The Lei (plastic) flower garlands at our Hawaiian Shabbat made me think of necklaces in general, and wonder about a spiritual relevant life message, a Jewish insight we could come up with about necklaces? or necks? Once I started thinking about necks that made it easier, as it reminded me of a talk of the Rebbe (from Parshat Vayigash) about necks and the Beit HaMikdash (Temple) as well as the description in other Chabad texts about a certain Chassidic illness or malady.

First the Beit HaMikdash = Neck connection:

Here’s a little segment of a translation of the Rebbe’s talk on this from Chabad.org:

In the Torah, the neck is a common metaphor for the Holy Temple. “G‑d hovers about him all day, and dwells between his shoulders,” says Moses of Benjamin, referring to the Holy Temple in his province. And King Solomon in Song of Songs, singing the praises of the “maiden of Israel” and her relationship with the Almighty, proclaims: “Your neck is as the Tower of David.”

The Sanctuaries are links between heaven and earth, points of contact between the Creator and His creation… The Temple, then, is the “neck” of the world, the juncture that connects its body to its head…  the Holy Temple is what connects the world to its supernal Vitalizer and source….

(read the full talk of the Rebbe here: http://www.chabad.org/parshah/article_cdo/aid/3222/jewish/The-Neck.htm)

Hence the necklace:

Proverbs (1:9, 3:3) and Ezekiel (16:11) refer to Torah as a necklace. Here’s one way of seeing it: Neck-Lace. It frames and binds the neck together. Not a choker (pun-intended) but one that keeps the neck in focus, it frames and adorns this crucial connection and valuable transfer between head and body, of ideals to reality, of thoughts and action. This connection of mind and heart, head and body, is so wonderous, so beautiful, so important, that it deserves a necklace!

But wait, there could be a Bottle-Neck!

Chassidus speaks of a malady, a spiritual illness called “Meitzar HaGaron” or the narrow tightness of the neck. Sometimes people can experience a disconnect between their ideals and practices, between their vision and their realities, between the head and their body. This happens with car-traffic all the time in busy cities where there are too many cars trying to get through too few lanes – at the same time. In internet-speak you might call it a data bottleneck because there isn’t enough bandwidth, there’s too much data to get through but the transfer line (the neck) doesn’t have the capacity.

That’s where Great Neck and Little Neck come in:

This is no reflection on these two metro New York areas, only in regard to its name. Yes, we need some narrowing of the neck, because head and body just can’t flow one directly into the other. It needs the junction, the transfer zone, that allows one to translate into the other. And that’s actually how both Little Neck and Great Neck earned their name, as they both (in little and great measure respectively) jut out of the Long Island land mass into the Long Island Sound (the ocean between Long Island and Connecticut) narrowing that body of water in that area.
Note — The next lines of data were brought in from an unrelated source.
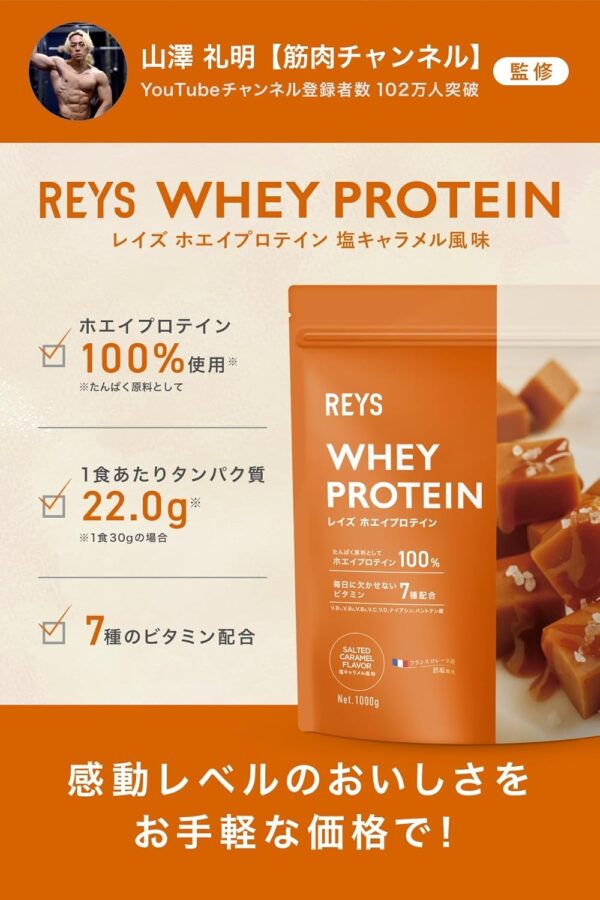 REYS レイズ ホエイ プロテイン 山澤 礼明 監修 1kg 国内製造 ビタミン7種配合 WPCプロテイン ぷろていん ホエイプロテイン (ロイヤルミルクティー風味) - 画像 (40)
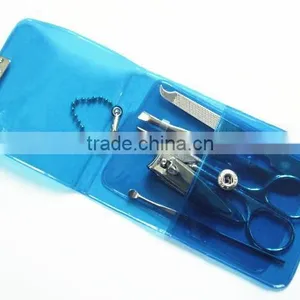 Customized Promotional Stainless Steel Manicure Set With Pvc Case thumbnail-1
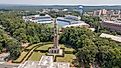 Kenan Memorial Stadium is located in Chapel Hill, North Carolina. Editorial credit: Grindstone Media Group / Shutterstock.com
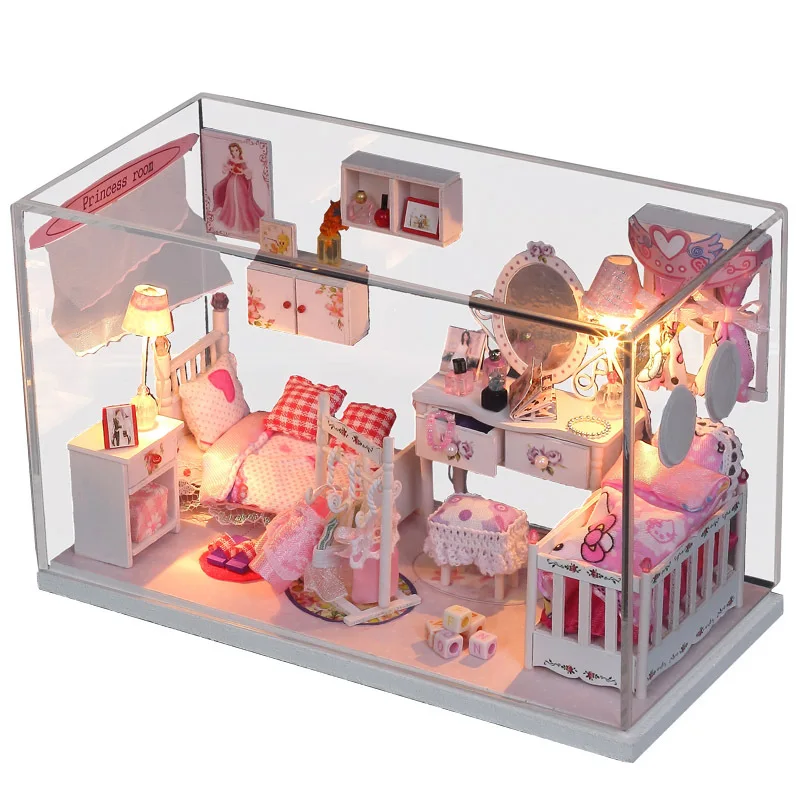 

Romatic Dream Diy Model Kit Mini princess house handmade model building kits birthday gift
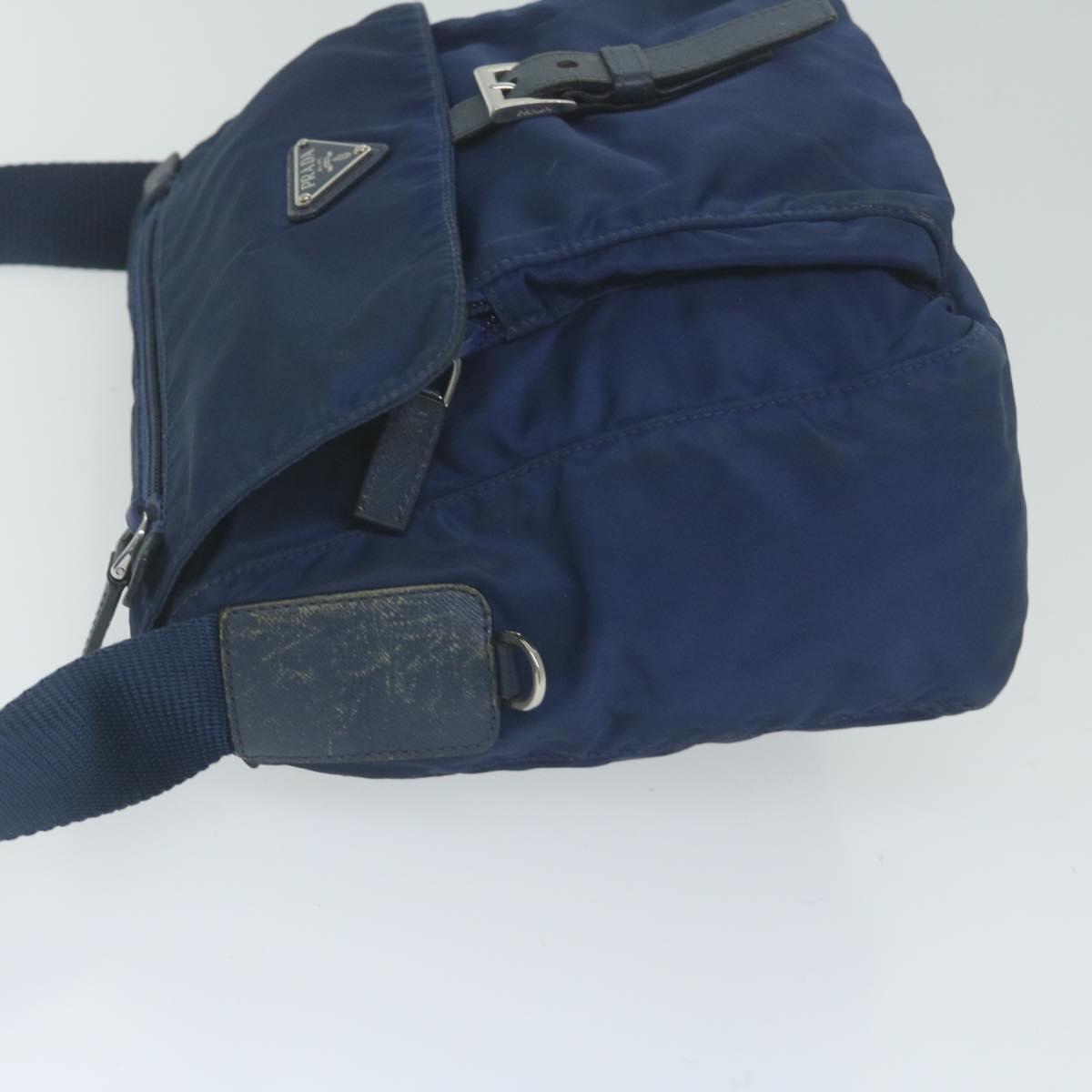 PRADA Shoulder Bag Nylon Blue 62500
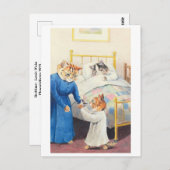 Bedtime - Louis Wain Postcard Postkarte (Vorne/Hinten)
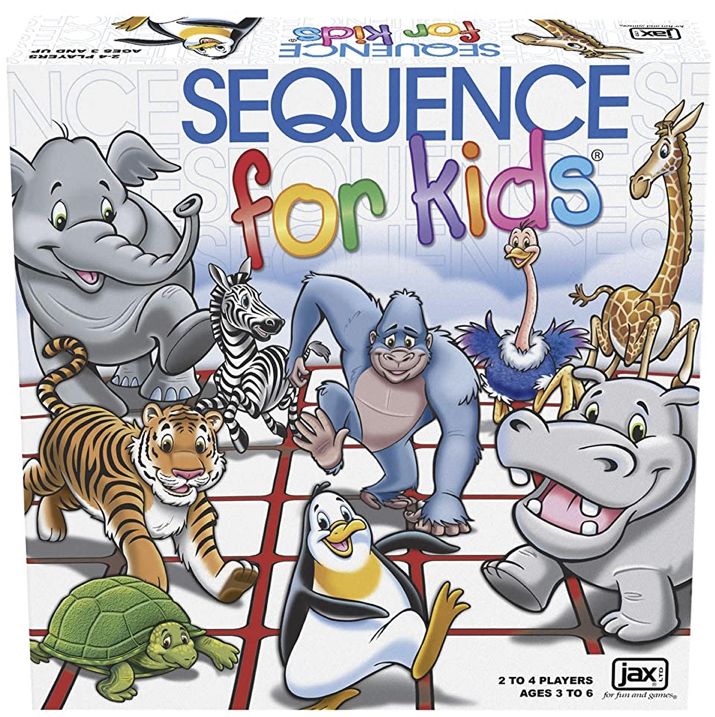 Sequence for Kids board game cover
But while we need a neck between head and body (in a spiritual and figurative sense) we don’t want it to be too narrow. We need the flow to travel back and forth between head and body without constricting it too much. We don’t want bottleneck. In this sense, Great Neck is much better than Little Neck! Yes, we’re looking for a neck (some narrowing as head transfers to body) but we don’t want that neck too narrow and constricting for all the richness and depth we want to transfer…

Think: Do I experience this spiritual bottleneck? What can I do to go from Little Neck to Great Neck?

And we don’t mean the Long Island Expressway. Think of what can be done to expand connectiveness between our values and our behavior, our ideals and our practices, our thoughts and our feelings. What’s getting in the way, and how can we improve on this connectiveness?